A Paean To Structure-Based Interfaces

August 16, 2023Uncategorizedadmin

When the time came for us to gather requirements and start designing CUDA 2.0 (c. 2008), I was surprised to hear from our product manager that the key Next Biggest Thing in CUDA was… drum roll… 3D textures[1]!

The reason this priority was surprising is because adding texturing in the first place had been somewhat controversial. Why have graphics features in a general purpose computing ecosystem[2]?

Early versions of CUDA hardware did not have caches to mitigate the overhead of uncoalesced memory traffic, though, so applications that really needed misaligned reads had no choice but to use the texturing hardware. As an added bonus, the cache resources were separate, so by reading inputs via the texture pipeline, you were enlisting hardware resources that otherwise would have gone unused.
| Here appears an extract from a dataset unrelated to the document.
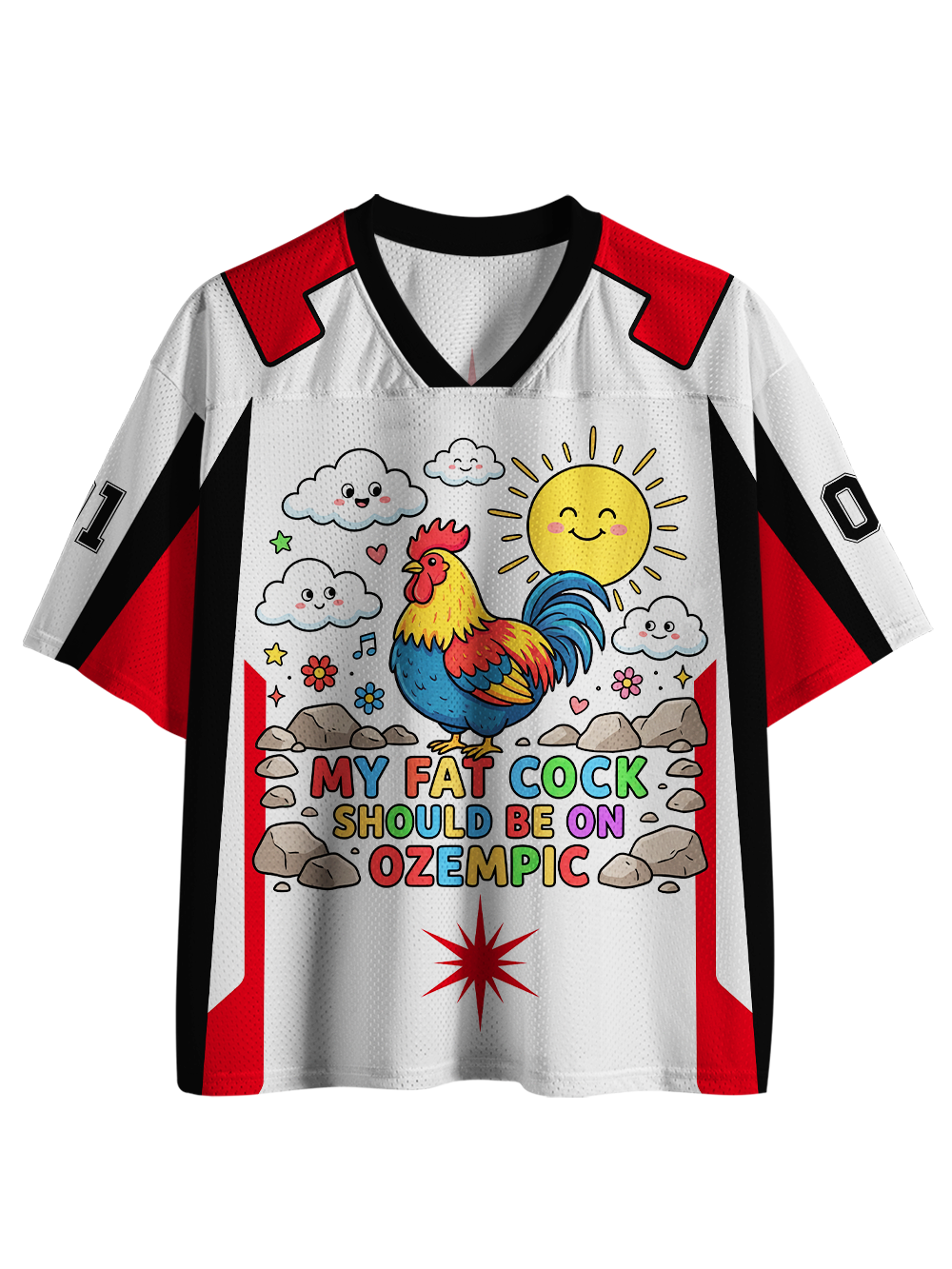 My fat cook should be on ozempic Mesh Jersey-ClassyOutlaw Sale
But… 3D texturing? Okay. That would require us to implement extensive, backward-compatible revisions to all of the CUDA array APIs, the texturing APIs, and the memcpy APIs. CUDA 1.0 already had a plethora of memcpy functions, especially at the driver API level, where we’d opted to try to maintain type safety between CPU and GPU pointers.

Adding new functionality in a backward compatible way is a long-held tradition in API design. For example, flags words are a good way for interface designers to future-proof their designs; or in a pinch, replacement functions may be provided that enable new functionality. Since those functions did not exist when legacy applications were being developed, the interface designer knows they can only be called by newer application expecting the new behavior. Sometimes we get both, even in close quarters: the driver API function cuEventCreate() takes a flags word that later was used for innovations such as blocking synchronization, but whomever wrapped the driver API in the CUDA Runtime omitted it from cudaEventCreate(), so NVIDIA later added the replacement interface with the awkward name cudaEventCreateWithFlags()!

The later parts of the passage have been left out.